» WHAT THE EXERCISE ASKS:
Retype exactly the span of lines below from the one with "Mavi Pro Logo" through the one with "Передачи Данных Поворотный". Do not include pictures.

» INFORMATION:
• • • •

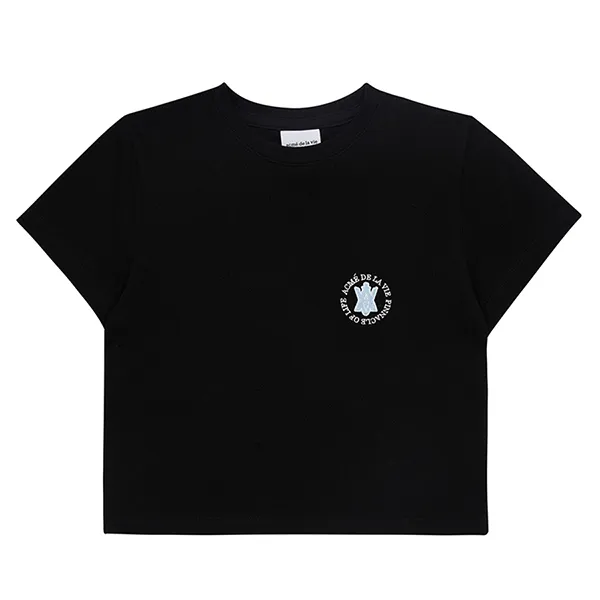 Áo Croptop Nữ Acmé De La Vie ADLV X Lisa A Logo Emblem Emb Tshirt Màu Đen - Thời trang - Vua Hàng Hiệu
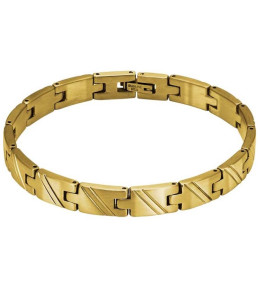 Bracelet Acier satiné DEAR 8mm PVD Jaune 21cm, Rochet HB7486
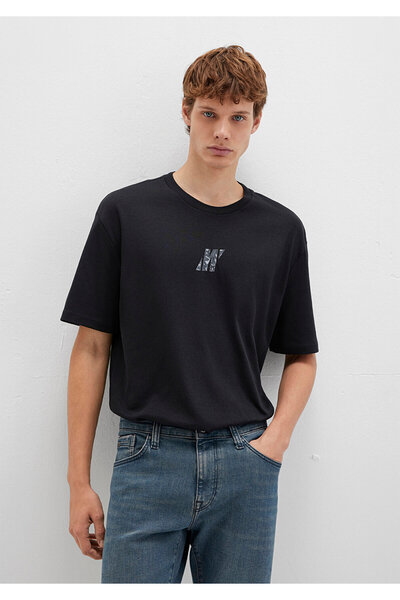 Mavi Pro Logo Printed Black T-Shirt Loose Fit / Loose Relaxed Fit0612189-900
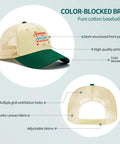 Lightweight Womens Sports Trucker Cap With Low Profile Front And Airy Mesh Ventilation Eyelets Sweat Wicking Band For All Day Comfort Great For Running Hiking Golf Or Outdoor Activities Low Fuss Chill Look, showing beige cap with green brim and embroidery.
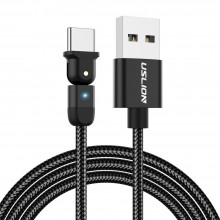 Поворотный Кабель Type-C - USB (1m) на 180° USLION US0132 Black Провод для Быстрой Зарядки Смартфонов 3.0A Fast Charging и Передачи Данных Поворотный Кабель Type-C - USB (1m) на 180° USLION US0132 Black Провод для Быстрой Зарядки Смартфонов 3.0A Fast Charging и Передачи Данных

• • • •

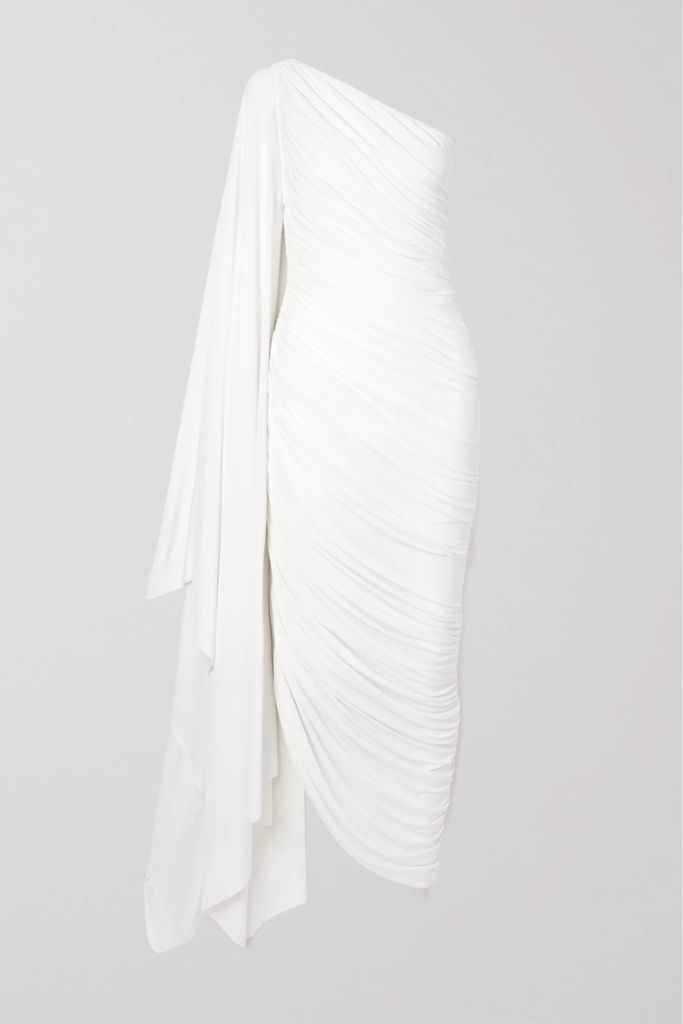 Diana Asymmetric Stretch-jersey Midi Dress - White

• • • •

» RESULT:
 Mavi Pro Logo Printed Black T-Shirt Loose Fit / Loose Relaxed Fit0612189-900
 Lightweight Womens Sports Trucker Cap With Low Profile Front And Airy Mesh Ventilation Eyelets Sweat Wicking Band For All Day Comfort Great For Running Hiking Golf Or Outdoor Activities Low Fuss Chill Look, showing beige cap with green brim and embroidery.
 Поворотный Кабель Type-C - USB (1m) на 180° USLION US0132 Black Провод для Быстрой Зарядки Смартфонов 3.0A Fast Charging и Передачи Данных Поворотный Кабель Type-C - USB (1m) на 180° USLION US0132 Black Провод для Быстрой Зарядки Смартфонов 3.0A Fast Charging и Передачи Данных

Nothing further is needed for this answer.